Sunday, April 19, 2015

For Doctor Fox: Meet my grandfather who I am so very much like: the Robert Duvall character

  1. www.imdb.com/title/tt0327137/fullcredits   Cached
    Secondhand Lions (2003) cast and crew credits, including actors, actresses, directors, writers and more.
     
    This movie touched me very deeply. The character robert Duvall played WAS the kind of man my Grandfather actually was. I remember in Lake Forest Park at age 4 walking to visit my girlfriend (I always had girlfriends even then) I don't know why) I walked past a hornets nest and was stung many many times. He heard my screams and made me stay watch what he did to hornets. 
     
    He got some gasoline and poured it over the nest. Then he lit the nest and made me watch the hornets and hornet babies all die. I used this method the rest of my life to protect my family. It also taught me self defense against all creatures animals or humans. You do things smart and you protect your family no matter what even if you die doing it. 
     
    Here my grandfather taught me so much. He was my hero from then on in my life. He worried about me though because I was so much like him. But, at least I wasn't red headed and 6 foot 2 1/2 inches tall. Once some guys weren't treating him right at a job(he was an electrical contracor) He took on 13 guys in a fight and won that day. 
     
    Yep that was my grandfather. YOu (f---) with him and he'd put you in the hospital no questions asked.
     
    Another true story about my grandad. He grew a victory garden for the war effort" world war II' 
    When he went to the government to get his gas coupons for harvest of his war effort Victory Garden they told him that the season for his strawberries and tomatoes was over. He calmly like the old cowboy (born in the 1870s in Kansas)(his father was Captain David Hartzell of the northern Army from Kansas in the Civil War,
     
    he brought his unloaded double barrel shotgun to the counter and said, "Give me my gas coupons like cowboys still did in the 1940s" they gave him his gas coupons. (you don't f---) with my grandad because he was a Kansas cowboy and you might wind up dead if you did or worse.
     
    another time he was told (I think the mining laws changed around 1960 or so and he had a 2000 acred gold mining claim in Idaho where he lived alone 6 months a year spring through fall of every year after he retired I think during world war II.
     
    A forest ranger came and told him he had to leave his mining claim.
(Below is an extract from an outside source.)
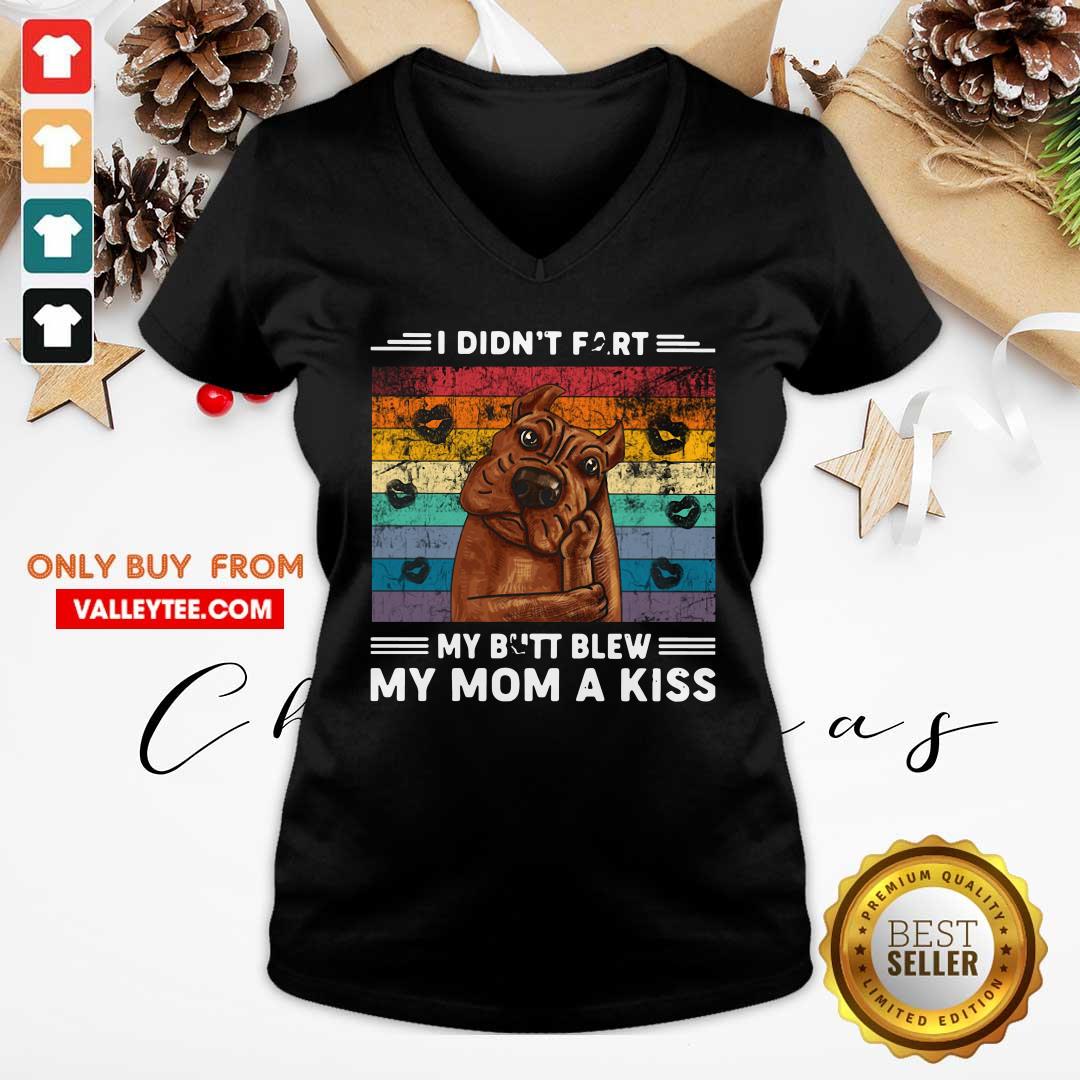 Funny Pitbull I Didn't Fart My Butt Blew My Mom A Kiss Vintage Shirt - Image 3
He shot the ranger's hat off with a 30 odd 6 I still own (that hasn't been shot now in over 40 years) which I was very worried the police might take from me when I had a bad health event a couple of days ago now.
     
    But, luckily they weren't interested in guns that were no longer really guns the last 40 years or so and only family heirlooms. I think of grandad a lot now as death haunts my reverie. 
     
    So, I now make each and every day count. So, I hope to see you grandpa sooner or later when I get there to be with you once again.